[Collected data]
********************

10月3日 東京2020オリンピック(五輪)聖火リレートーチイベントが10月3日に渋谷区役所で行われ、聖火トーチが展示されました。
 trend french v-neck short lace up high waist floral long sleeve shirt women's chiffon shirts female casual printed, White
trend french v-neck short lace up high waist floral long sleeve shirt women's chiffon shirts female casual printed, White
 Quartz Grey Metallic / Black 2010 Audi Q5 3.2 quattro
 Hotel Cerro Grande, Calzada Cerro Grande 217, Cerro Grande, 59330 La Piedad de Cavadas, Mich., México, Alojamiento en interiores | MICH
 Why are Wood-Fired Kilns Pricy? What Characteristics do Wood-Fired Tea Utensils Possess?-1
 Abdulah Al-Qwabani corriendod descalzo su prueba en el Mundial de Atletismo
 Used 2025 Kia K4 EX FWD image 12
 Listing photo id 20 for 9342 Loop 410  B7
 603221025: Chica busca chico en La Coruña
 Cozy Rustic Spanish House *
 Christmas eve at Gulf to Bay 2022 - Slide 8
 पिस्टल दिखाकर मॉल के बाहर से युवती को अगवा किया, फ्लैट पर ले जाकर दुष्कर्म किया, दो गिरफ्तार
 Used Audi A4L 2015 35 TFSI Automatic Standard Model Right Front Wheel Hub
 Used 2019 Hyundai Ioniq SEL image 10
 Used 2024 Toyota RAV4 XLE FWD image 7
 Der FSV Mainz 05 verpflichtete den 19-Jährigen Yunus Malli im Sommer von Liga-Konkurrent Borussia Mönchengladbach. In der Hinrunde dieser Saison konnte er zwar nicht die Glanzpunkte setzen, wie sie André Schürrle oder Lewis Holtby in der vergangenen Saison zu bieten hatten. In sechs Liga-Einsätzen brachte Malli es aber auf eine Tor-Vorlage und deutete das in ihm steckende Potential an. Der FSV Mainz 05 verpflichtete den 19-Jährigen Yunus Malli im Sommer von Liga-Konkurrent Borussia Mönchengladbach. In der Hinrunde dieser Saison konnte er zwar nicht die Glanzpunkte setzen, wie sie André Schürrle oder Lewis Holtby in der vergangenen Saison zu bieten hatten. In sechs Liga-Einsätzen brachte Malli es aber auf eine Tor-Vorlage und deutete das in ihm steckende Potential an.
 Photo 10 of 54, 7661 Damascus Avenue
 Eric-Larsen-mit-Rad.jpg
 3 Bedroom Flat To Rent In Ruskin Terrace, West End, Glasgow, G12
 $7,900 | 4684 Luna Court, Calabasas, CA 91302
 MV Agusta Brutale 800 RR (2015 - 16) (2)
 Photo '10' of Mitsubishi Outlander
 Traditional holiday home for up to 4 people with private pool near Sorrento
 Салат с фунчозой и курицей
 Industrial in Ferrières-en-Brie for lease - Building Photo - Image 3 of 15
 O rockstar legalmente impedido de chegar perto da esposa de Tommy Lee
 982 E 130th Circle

********************

* _TASK REQUIREMENTS_
Only lines with the word "Used" count here; copy every one from the records.

* _EXERCISE RESPONSE_
 Used 2025 Kia K4 EX FWD image 12
 Used Audi A4L 2015 35 TFSI Automatic Standard Model Right Front Wheel Hub
 Used 2019 Hyundai Ioniq SEL image 10
 Used 2024 Toyota RAV4 XLE FWD image 7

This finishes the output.